Mary Stevenson Cassatt, In the Loge, 1878

A Little History of Art by Charlotte Mullins (Yale)

Grappling with the behemoth term that is ‘art history,’ critic and broadcaster Charlotte Mullins gives an alternative view on several thousand years of artistic production. She shines a light on key players who have been ousted from the mainstream narrative, such as the indefatigable sculptor Edmonia Lewis, who battled every conceivable prejudice in US society as the 20th century dawned; and Rachel Ruysch, a doyenne of the Dutch Golden Age, who was similarly celebrated during her lifetime, yet remains largely forgotten.

The book also draws connections across cultures that usually appear arbitrarily divided, linking for example Chinese emperor Qin Shi Huangdi’s terracotta army with the terracotta sculptures made by the Nok in west Africa at the same time. It’s a refreshing take on a subject that can often seem overwhelmingly dense and homogenous. (Holly Black)

Women Painting Women (DelMonico Books)

Women Painting Women is a substantial group show opening in May at the Modern Art Museum of Fort Worth. The exhibition brings together a host of artists whose work explores the “complexities, abjection, beauty and joy” of being a woman. Almost 50 painters find new ways of portraying their subjects. An accompanying book is published this month by DelMonico, with texts from artists Emma Amos and Faith Ringgold.

The portraits in the book span the second half of the 20th century to the present day, created by pioneers such as Alice Neel and contemporary practitioners Jordan Casteel, Somaya Critchlow and Apolonia Sokol.

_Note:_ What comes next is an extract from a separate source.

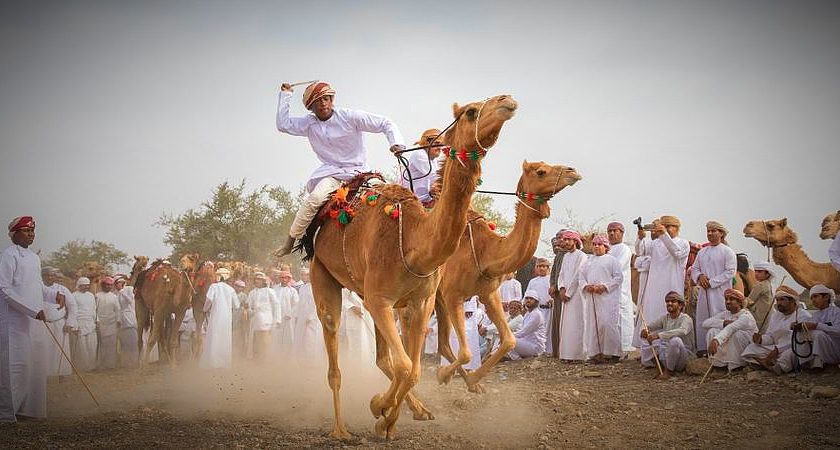 Camel racing festival 2023: part of Saudi culture is a sport with prize money up to millions of riyals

There is a strong focus on the body and physical gestures, and the works find ways of depicting women that expand upon and differ from the long history of female bodies painted by men. Together, the works portray the vast complexities present in the experiences of women: manifold stories told through the eyes of artists through the decades. (Emily Steer)

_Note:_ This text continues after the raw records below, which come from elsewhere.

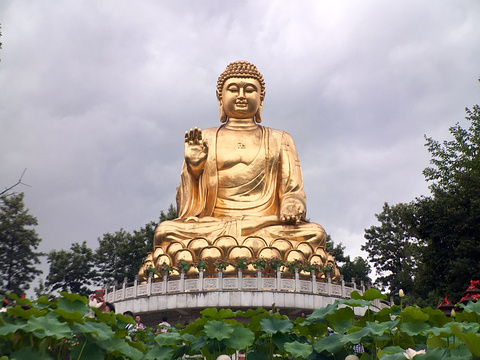 华岩寺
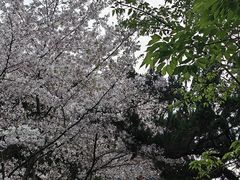 -堤角公园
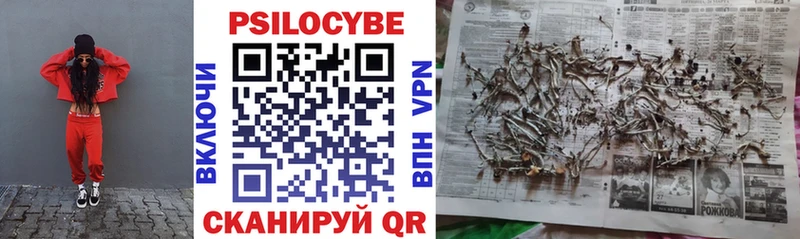 Псилоцибиновые грибы Cubensis  Купить где  Володарск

Carrie Mae Weems. Untitled (Woman and Daughter with Makeup), 1990. © 2022 Carrie Mae Weems

Our Selves: Photographs by Women Artists from Helen Kornblum (MoMA)

Last year, New York’s Museum of Modern Art received a significant donation of photographs from Helen Kornblum, a psychotherapist and collector who has sat on the museum’s photography committee since 2014. Those photographs, from artists including Dora Maar, Carrie Mae Weems, Lola Álvarez Bravo, Lotte Jacobi, and Lucia Moholy, comprise Our Selves, a new exhibition which aims to appraise the medium from an intersectional feminist perspective.

This volume starts with curator Roxana Marcoci’s broad query “What is a Feminist Picture?” before zeroing in on themes of indigenous image-making, education systems, and photography’s role in shaping ideas of womanhood in 12 essays interspersed with over 100 black and white plates from the exhibition. (Ravi Ghosh)

Jean Paul Gaultier: JPG from A to Z (nai010)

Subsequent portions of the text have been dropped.